PolyA Prediction using Logistic Regression Model (LRM) and Deep Neural Networks (DNN)

PolyA_Predicion_LRM_DNN is a novel method for predicting poly(A) signal (PAS) in human genomic DNA. It first utilizes signal processing transforms (Fourier-based and wavelet-based), statistics and position weight matrix PWM to generate sets of features that can help the poly(A) prediction problem to perform better due to the different aspects that these features offer. Then, it uses deep neural networks DNN and Logistic Regression Model (LRM) to distinguish between true PAS and pseudo PAS efficiently.

This repository contains scripts which were used to generate three sets of features, namely: signal processing-based, statistics-based and PWM-based features.
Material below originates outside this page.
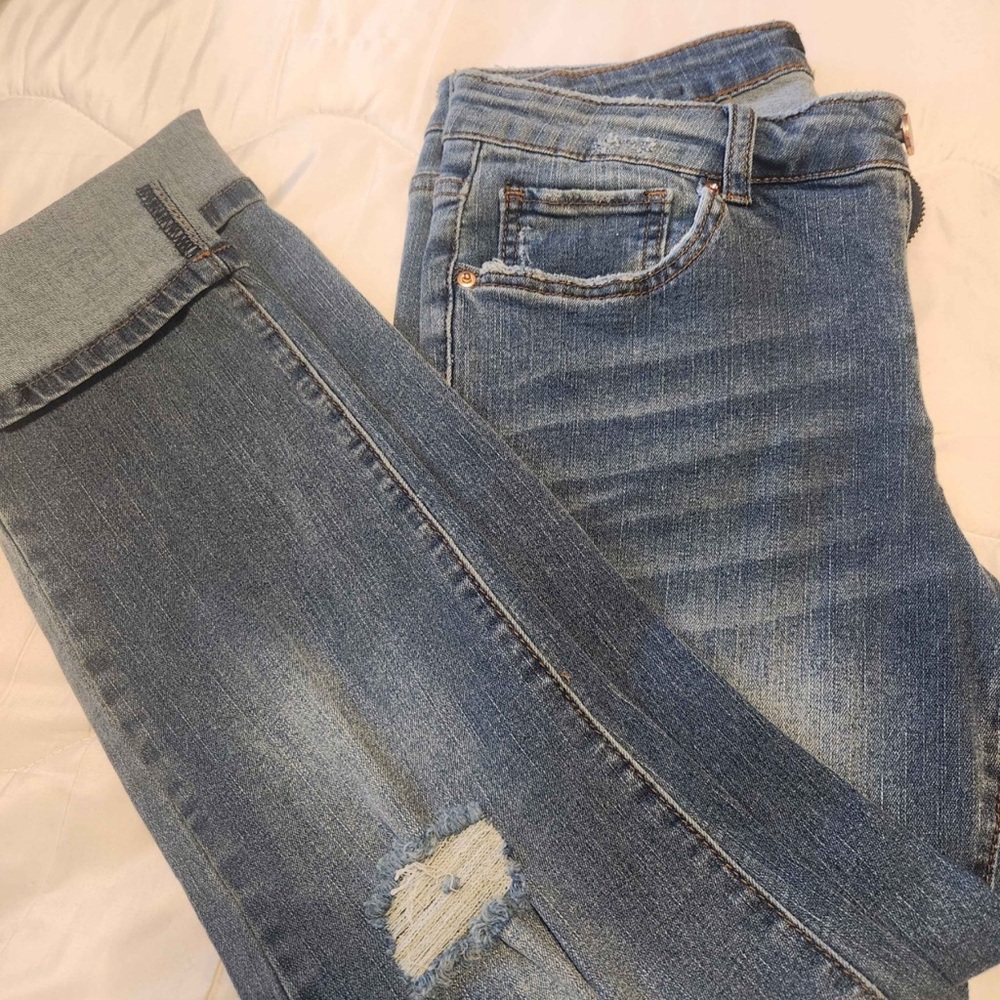 KanCan Distressed Blue Skinny Jeans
Then, we use these features to train and then test the DNN and LRM models.

Dataset and feature generation

You can use human genome hg38 from GENCODE folder at EBI ftp server (ftp://ftp.ebi.ac.uk/pub/databases/gencode/Gencode_human/release_28/GRCh38.primary_assembly.genome.fa.gz) For GENCODE annotation, you can use (ftp://ftp.ebi.ac.uk/pub/databases/gencode/Gencode_human/release_28/gencode.v28.polyAs.gff3.gz)

Scripts

The scripts should be executed in the following order:

Step 1: The script “Generate_the_features.m” should be executed first to generate the training and testing sets of features that will be used later to build the DNN and LRM models.
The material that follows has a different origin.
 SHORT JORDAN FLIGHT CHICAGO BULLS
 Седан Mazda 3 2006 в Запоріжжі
Step 2: The script “Run_LRM.m” will build the LRM model by using the generated training and testing features from the “Generate_the_features.m” script.

Step 3: The script “Run_DNN.py” will build the DNN model by using the generated training and testing features from the “Generate_the_features.m” script.

Example

An example of the implemntation of DNN and LRM models can be found in Example folder. To download testing dataset, please use the following dataset

http://dx.doi.org/10.17632/c495bkk9vf.1

Citation

If you use “PolyA_Predicion_LRM_DNN” for your research, or incorporate our learning algorithms in your work, please cite:

F. Albalawi, A. Chahid, X. Guo, S. Albaradei, A. Magana-Mora, B. R. Jankovic, M. Uludag1, C. V. Neste1, M. Essack1, T.M. Laleg-Kirati1, V. B. Bajic, “Efficient prediction of Poly(A) motifs human genomic DNA”. Methods. 2018.